Task goal: Output the whole listing exactly, except for the pictures in it.

Source data:
○ ○ ○ ○

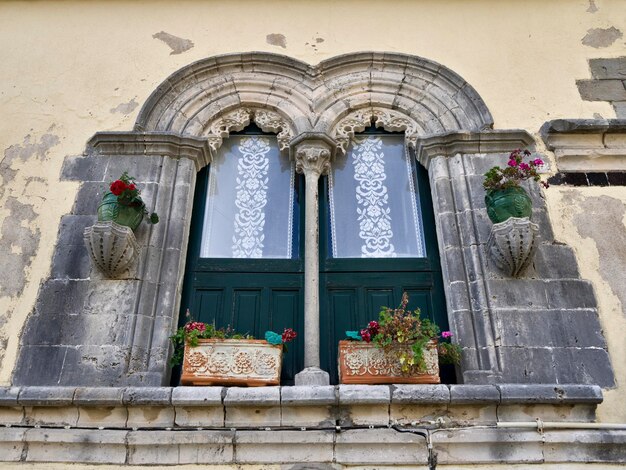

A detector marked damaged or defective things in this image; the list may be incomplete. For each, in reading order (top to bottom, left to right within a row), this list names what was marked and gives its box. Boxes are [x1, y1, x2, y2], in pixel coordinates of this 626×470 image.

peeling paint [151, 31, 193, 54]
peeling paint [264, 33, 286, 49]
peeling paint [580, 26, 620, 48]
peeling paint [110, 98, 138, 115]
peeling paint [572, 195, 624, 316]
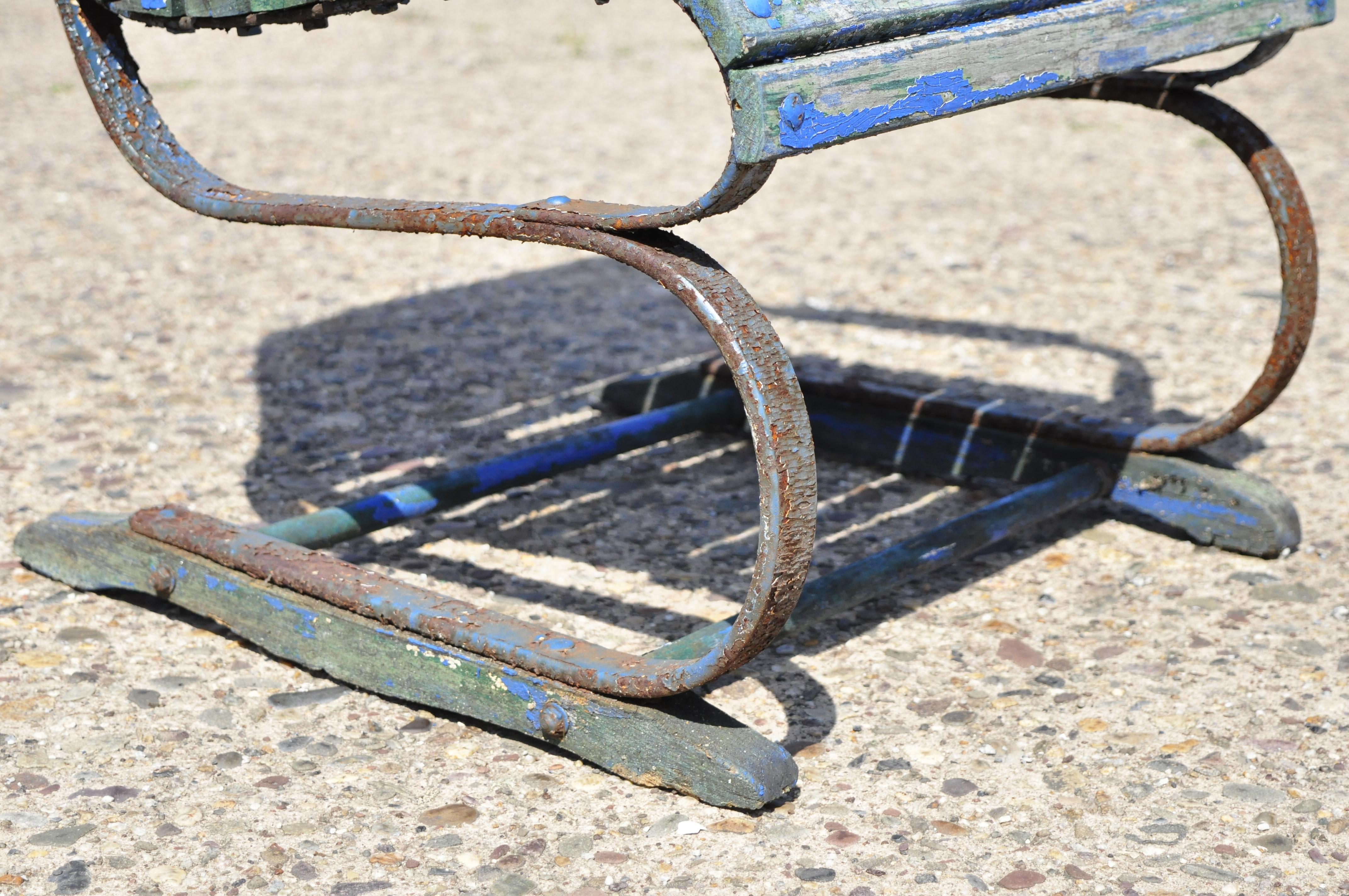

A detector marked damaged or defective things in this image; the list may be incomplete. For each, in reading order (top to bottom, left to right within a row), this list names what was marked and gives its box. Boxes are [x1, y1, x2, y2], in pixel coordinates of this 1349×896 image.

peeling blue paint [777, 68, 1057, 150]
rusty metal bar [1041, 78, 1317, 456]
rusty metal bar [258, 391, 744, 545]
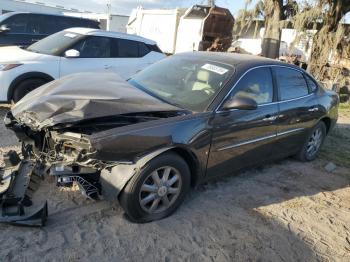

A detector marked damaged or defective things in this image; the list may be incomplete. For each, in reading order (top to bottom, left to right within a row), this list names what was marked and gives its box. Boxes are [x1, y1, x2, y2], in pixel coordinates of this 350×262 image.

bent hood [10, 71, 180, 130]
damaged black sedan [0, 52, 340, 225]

○ ○ ○ ○

Final answer:
A detector marked damaged or defective things in this image; the list may be incomplete. For each, in reading order (top to bottom, left to right within a row), this list names what was marked and gives its box. Boxes are [x1, y1, x2, y2], in pixel coordinates of this 626×470 image.

peeling paint [151, 31, 193, 54]
peeling paint [264, 33, 286, 49]
peeling paint [580, 26, 620, 48]
peeling paint [110, 98, 138, 115]
peeling paint [572, 195, 624, 316]

A detector marked damaged or defective things in this image; the list may be incomplete. For each, in reading order (top to bottom, left to right within a row), this list names what was marked and gives its box. Boxes are [x1, y1, x2, y2], in pixel coordinates of this 1349×896 image.

peeling blue paint [777, 68, 1057, 150]
rusty metal bar [1041, 78, 1317, 456]
rusty metal bar [258, 391, 744, 545]

A detector marked damaged or defective things in this image; the list may be incomplete. For each, in reading order (top to bottom, left to right within a row), this list names what was marked and gives its box. Boxes are [x1, y1, x2, y2], in pixel coordinates of this 350×262 image.

bent hood [10, 71, 180, 130]
damaged black sedan [0, 52, 340, 225]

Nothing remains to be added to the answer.